I still have a lot to consider and figure out, and I am pretty sure I am not going to be moving tomorrow or anything. But you never know. I have become quite spontaneous and you never know what I might do next. Bumbum-bummmm!

Saturday, June 18, 2005

Little Boy Blue

This is one of my favorite pomes. I know it is sad, but honestly, what are your thoughts and feelings?


The little toy dog is covered with dust,
But sturdy and stanch he stands;
And the little toy soldier is red with rust,
And his musket moulds in his hands.
Time was when the little toy dog was new,
And the soldier was passing fair;
And that was the time when our Little Boy Blue
Kissed them and put them there.

"Now, don't you go till I come," he said,
"And don't you make any noise!"
So, toddling off to his trundle-bed,
He dreamt of the pretty toys;
And, as he was dreaming, an angel song
Awakened our Little Boy Blue---
Oh! the years are many, the years are long,
But the little toy friends are true!

Ay, faithful to Little Boy Blue they stand,
Each in the same old place---
Awaiting the touch of a little hand,
The smile of a little face;
And they wonder, as waiting the long years through
In the dust of that little chair,
What has become of our Little Boy Blue,
Since he kissed them and put them there.

--Eugene Field

Inconceivable!

Well my dearest friends, I have read “The Princess Bride” and I loved it. I could not put it down. I would read it while I was walking to work, on my breaks, every chance I got I would read it.

I have always loved the movie, but have had some questions about the characters, details of the fire swamp, etc. Let me tell you my fellow readers, the book answered all of my questions! I even love the book more than the movie. Yes, it’s true.

You have got to read it. If you have read it, let me know what you thought. We could have something in common… unless you hated it. Then, of course we wouldn’t… well, except for the fact that we both read it…yeah, anyway...

Oh, and I am going to start reading “1984” next, heard it was good, so naturally, I bought it.

If any of you have any good recommendations of books you think I should read, let me know about them, and I will try getting my hands on the book.

Less than a month and the new Harry Potter will be out in stores! Can’t wait for that one! It will be great. I know it.

Friday, June 17, 2005

Is it just me, or is it just me?

Today I went on a lunch date with one of my friends. He was going on a double date and asked me out. The date was enjoyable we both had a really great time together. I was very flattered he had thought of me. No, I don’t have a crush on him, and I know he is does not have a crush on me, but it was still nice to go on a date. I am embarrassed to admit this, but, it has been a long time since I have been on a date, and it got me thinking, dating is fun. Even something as simple as lunch date, was wonderful.
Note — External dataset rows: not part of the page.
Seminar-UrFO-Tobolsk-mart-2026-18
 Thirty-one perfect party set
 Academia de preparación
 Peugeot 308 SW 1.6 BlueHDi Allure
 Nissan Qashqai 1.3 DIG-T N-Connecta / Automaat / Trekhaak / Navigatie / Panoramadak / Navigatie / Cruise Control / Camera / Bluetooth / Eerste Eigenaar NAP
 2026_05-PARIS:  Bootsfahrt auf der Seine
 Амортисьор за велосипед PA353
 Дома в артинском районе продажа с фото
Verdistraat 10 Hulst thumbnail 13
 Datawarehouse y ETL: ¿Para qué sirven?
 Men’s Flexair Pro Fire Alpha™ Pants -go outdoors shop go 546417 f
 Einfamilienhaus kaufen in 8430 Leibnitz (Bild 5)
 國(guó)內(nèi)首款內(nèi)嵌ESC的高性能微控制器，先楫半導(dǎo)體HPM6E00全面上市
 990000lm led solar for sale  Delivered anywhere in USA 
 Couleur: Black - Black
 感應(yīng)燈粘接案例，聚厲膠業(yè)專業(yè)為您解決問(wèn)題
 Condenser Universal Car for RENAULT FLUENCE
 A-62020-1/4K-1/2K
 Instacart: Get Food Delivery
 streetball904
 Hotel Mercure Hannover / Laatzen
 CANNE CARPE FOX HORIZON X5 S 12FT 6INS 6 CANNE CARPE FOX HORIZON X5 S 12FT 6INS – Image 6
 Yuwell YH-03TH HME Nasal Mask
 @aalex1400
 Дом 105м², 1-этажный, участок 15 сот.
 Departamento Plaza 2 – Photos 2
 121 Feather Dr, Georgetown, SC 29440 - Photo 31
Sometimes, I get tired of being just “one of the guys”. Don’t get me wrong, I love my friends, every single one of them. I think it is great that they can be comfortable around me and not have to worry about impressing me. But, sometimes I just wish a guy would actually be attracted to me for once.

I realize I am not all that good-looking (I’d probably rate myself a 4 or 5 on a scale of 1-10) but I am not hideous either. I do have a fun personality, you know, out-going, spontaneous at times, open-minded and nice. I’m not high-maintenance, and a guy doesn’t have to impress me with extravagant gifts and meaningless flattery. And I don’t think I come across as stupid (perhaps silly at times, but not stupid). I try to live a good life and keep my priorities in order. So what is it about me that I can change to make a guy look my way? Or instead of change what should I enhance.

I am not by all means desperate. I don't think it would be a good idea to change who I am to get guys to notice me (besides I kind of like who I am). And to be honest I really don’t mind being single, really. You know, it is not that I’m afraid of asking guys out on dates (I've done that many times) it’s just… I wouldn’t mind getting asked to go on a date once in a while... more often. That’s all.